BEGIN Given data

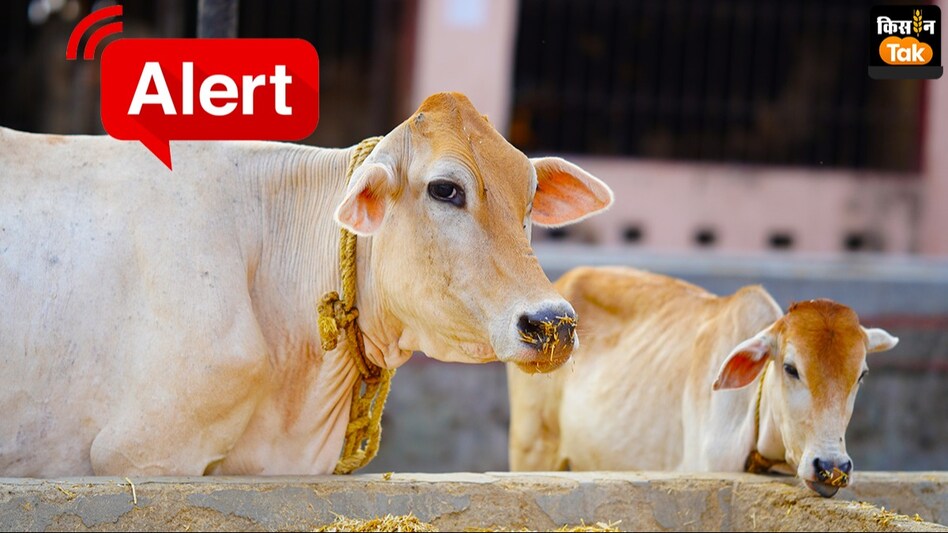 Lumpy: मई में गायों पर झपट्टा मार सकती है लंपी बीमारी, जारी हुई चेतावनी Lumpy: मई में गायों पर झपट्टा मार सकती है लंपी बीमारी, जारी हुई चेतावनी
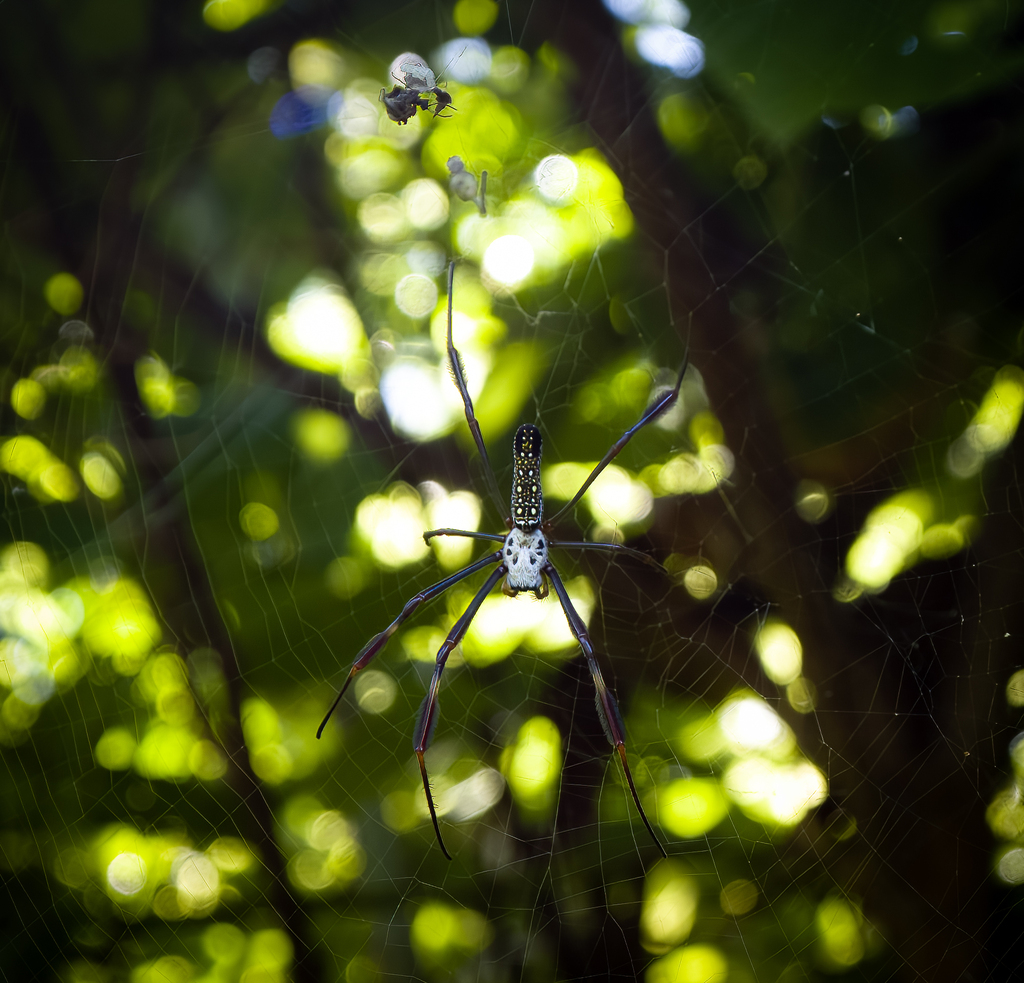 Golden Silk Spider from Puerto Vallarta, Jalisco, Mexico on September 9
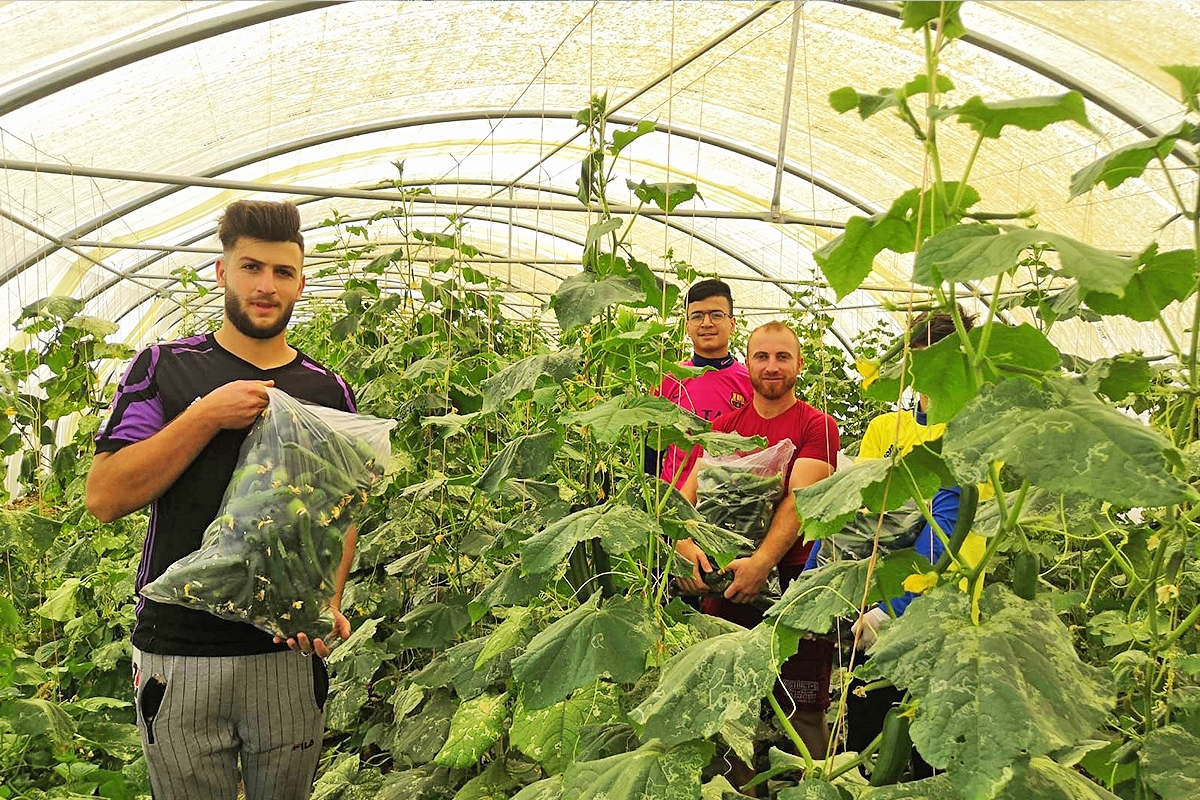 Teleskof Greenhouses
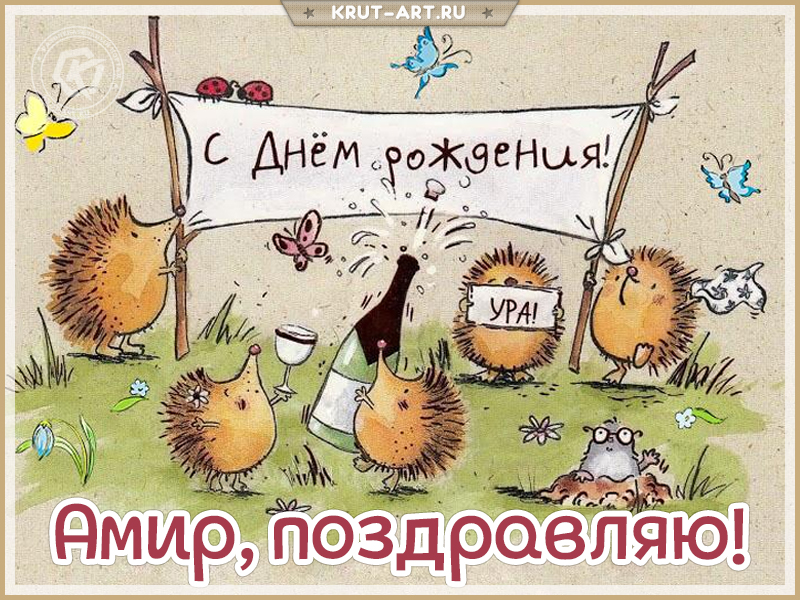Открытка с днем рождения мужчине по имени Амир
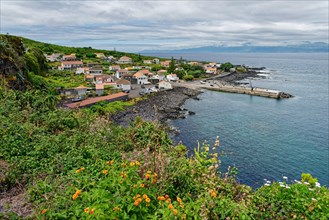 Village on the coast with houses near a jetty and surrounded by green vegetation, lava rocks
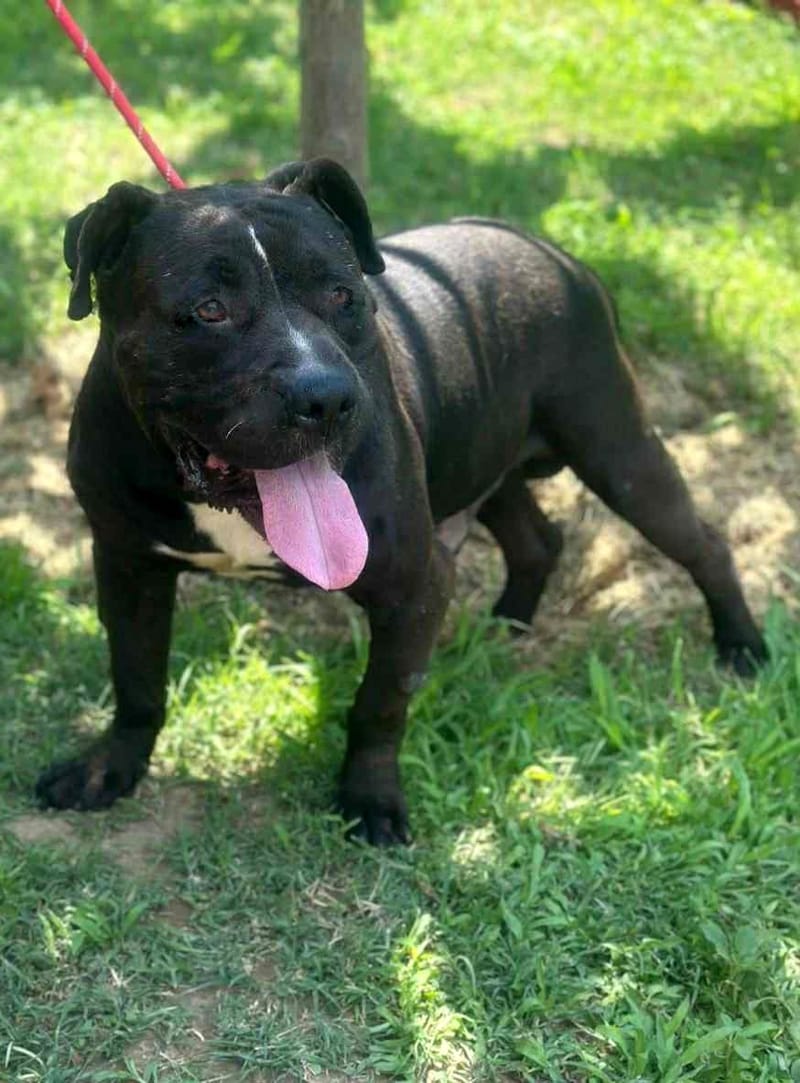 🐾 Buddy – een zachte kracht met een groot hart 🐾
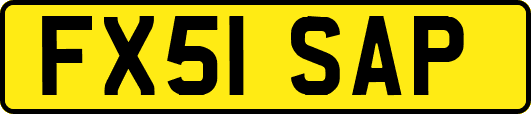 FX51SAP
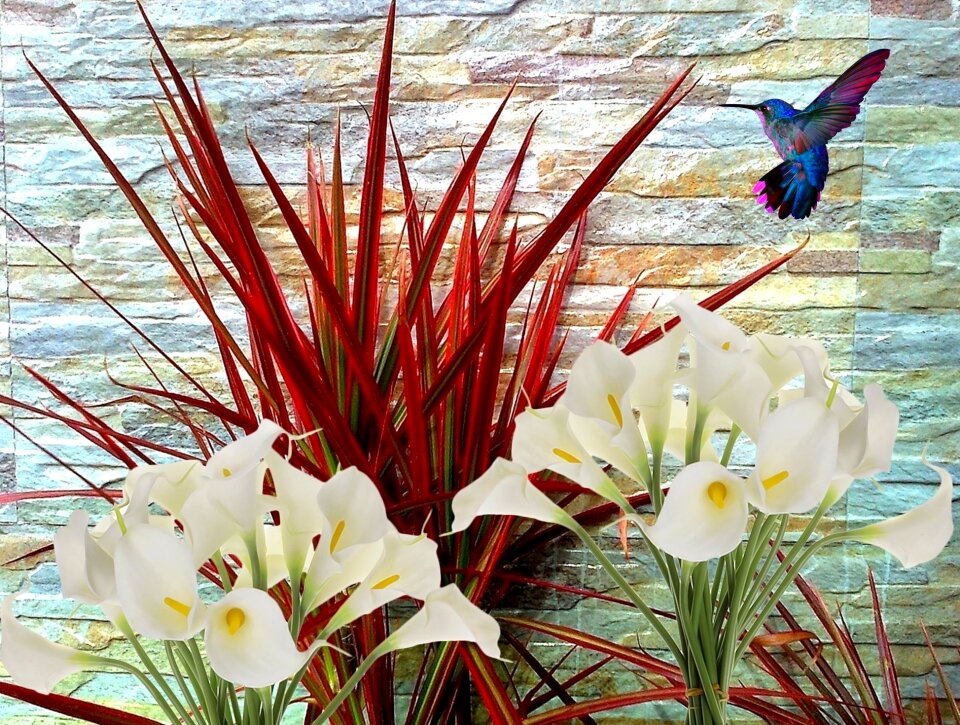Foliage beija flor nature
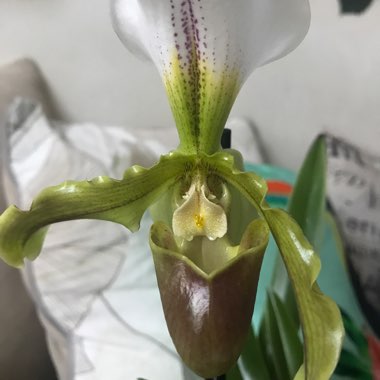 Paphiopedilum 'Leeanum'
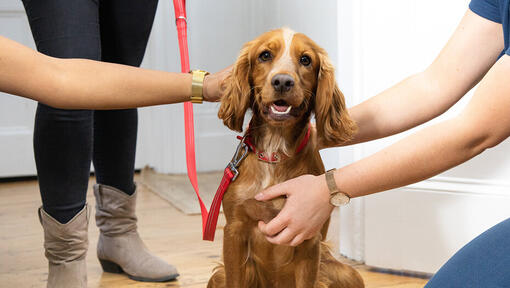 Spaniel being stroked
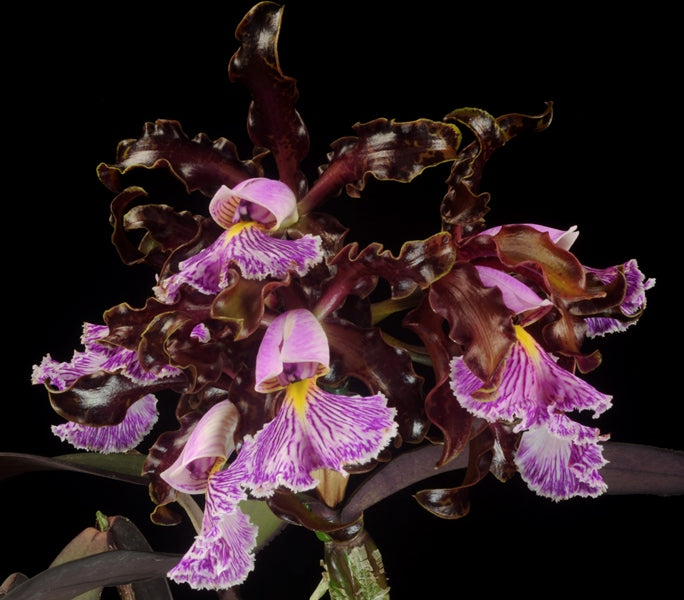 C. schilleriana (`Mu&
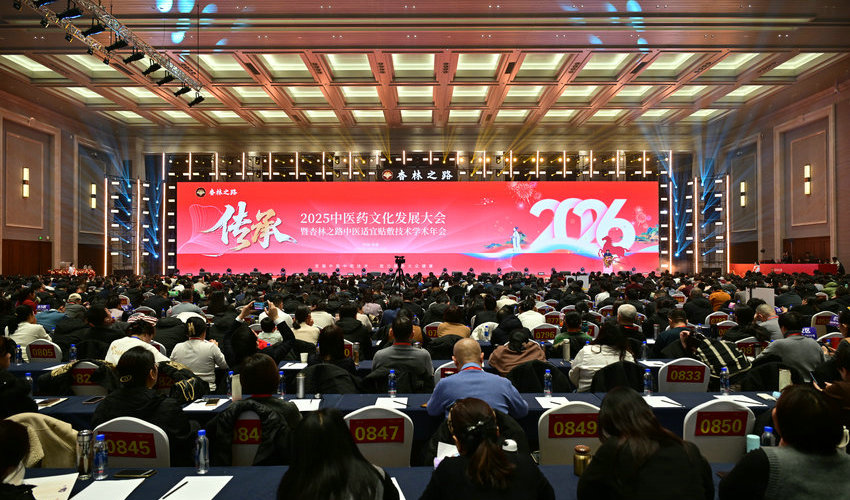 十年探索，杏林之路中医贴敷技术惠及亿万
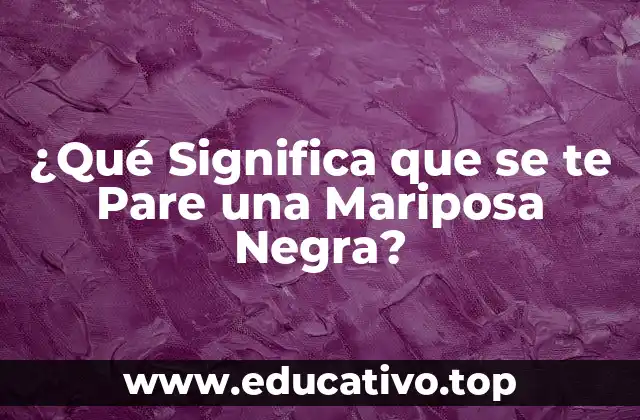 ¿Qué Significa que se te Pare una Mariposa Negra?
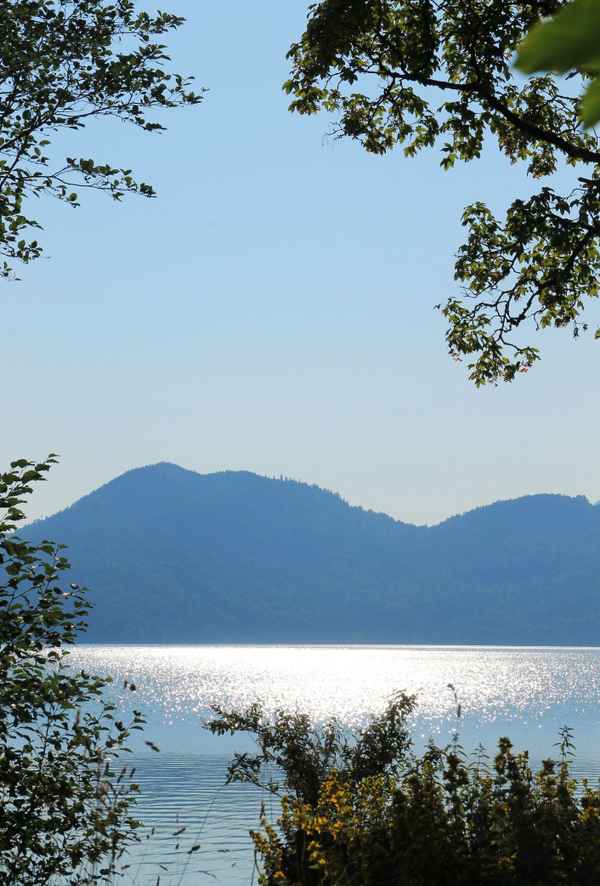Ein Sommermorgen am See 01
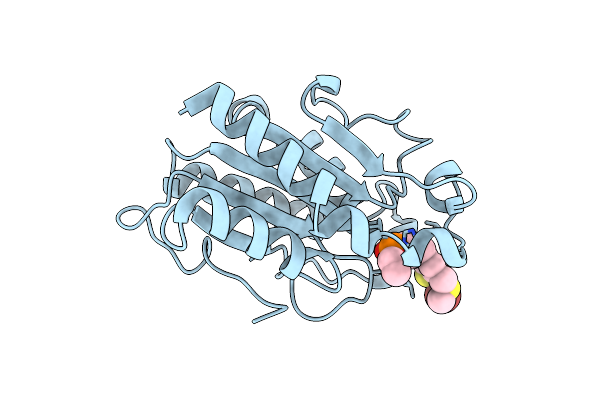 3ESC image
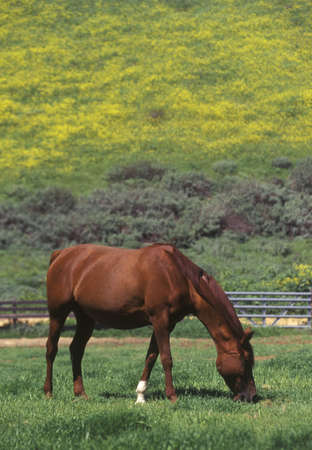Arabian mare, Spring field, Ojai, CAのeditorial素材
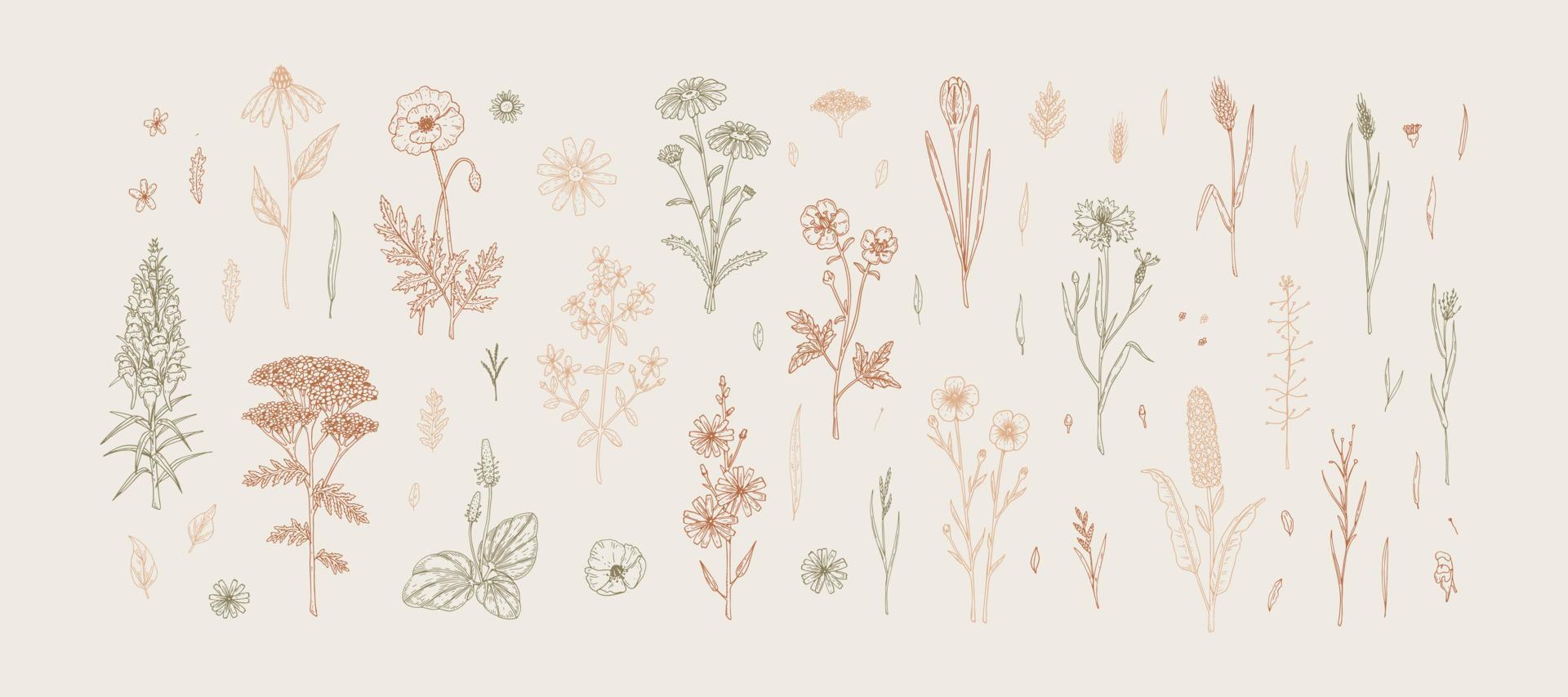 Prairie fleurs. ensemble de main tiré champ fleurs sauvages. vecteur illustration dans esquisser style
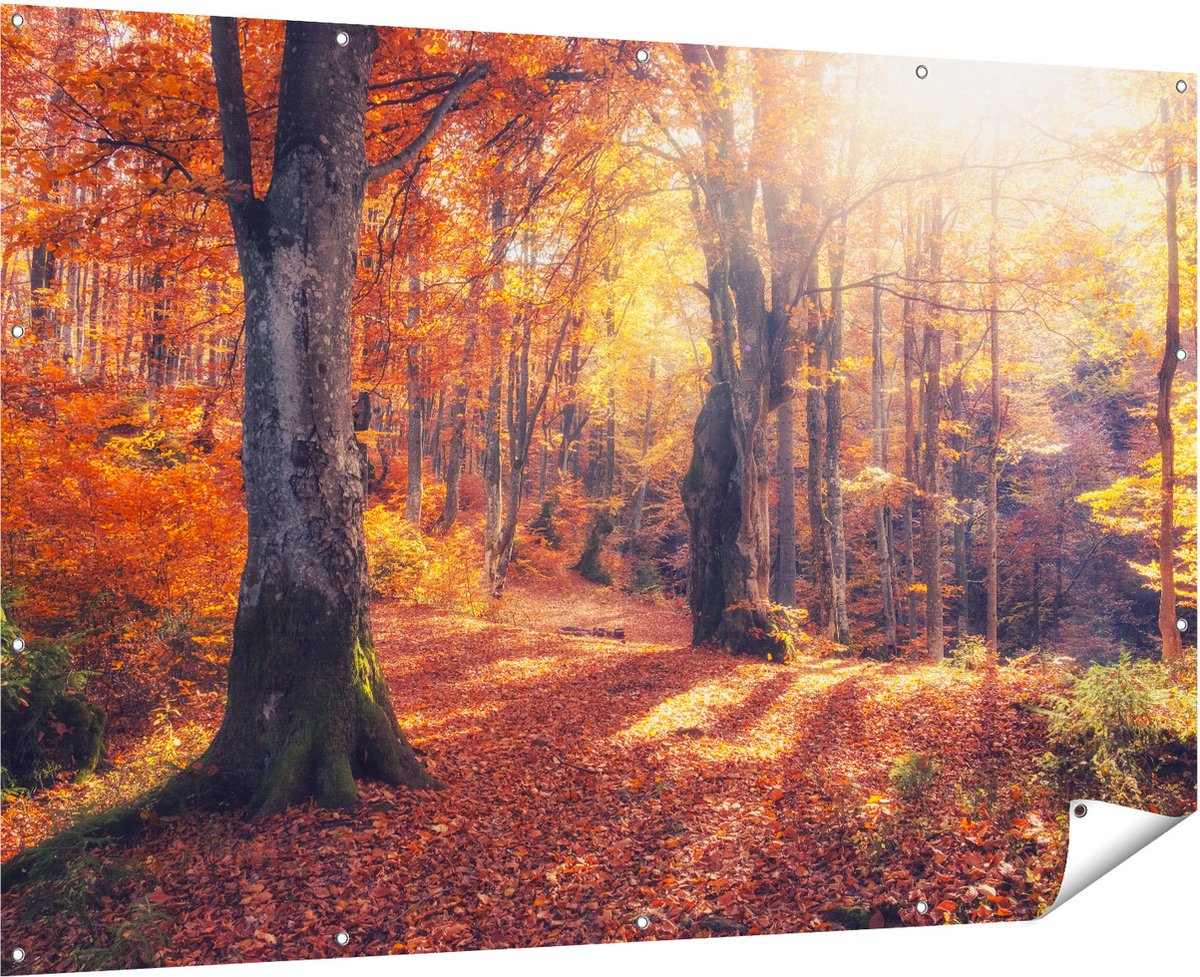 Gards Tuinposter Oranje Herfstbos met Zonneschijn - 180x120 cm - Tuindoek - Tuindecoratie - Wanddecoratie buiten - Tuinschilderij Multikleur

END Given data

Exercise description: With pictures left out, extract the lines from the one containing "Arabian mare, Spring" to the end of the material above, both included, exactly as written.

Output below:
Arabian mare, Spring field, Ojai, CAのeditorial素材
 Prairie fleurs. ensemble de main tiré champ fleurs sauvages. vecteur illustration dans esquisser style
 Gards Tuinposter Oranje Herfstbos met Zonneschijn - 180x120 cm - Tuindoek - Tuindecoratie - Wanddecoratie buiten - Tuinschilderij Multikleur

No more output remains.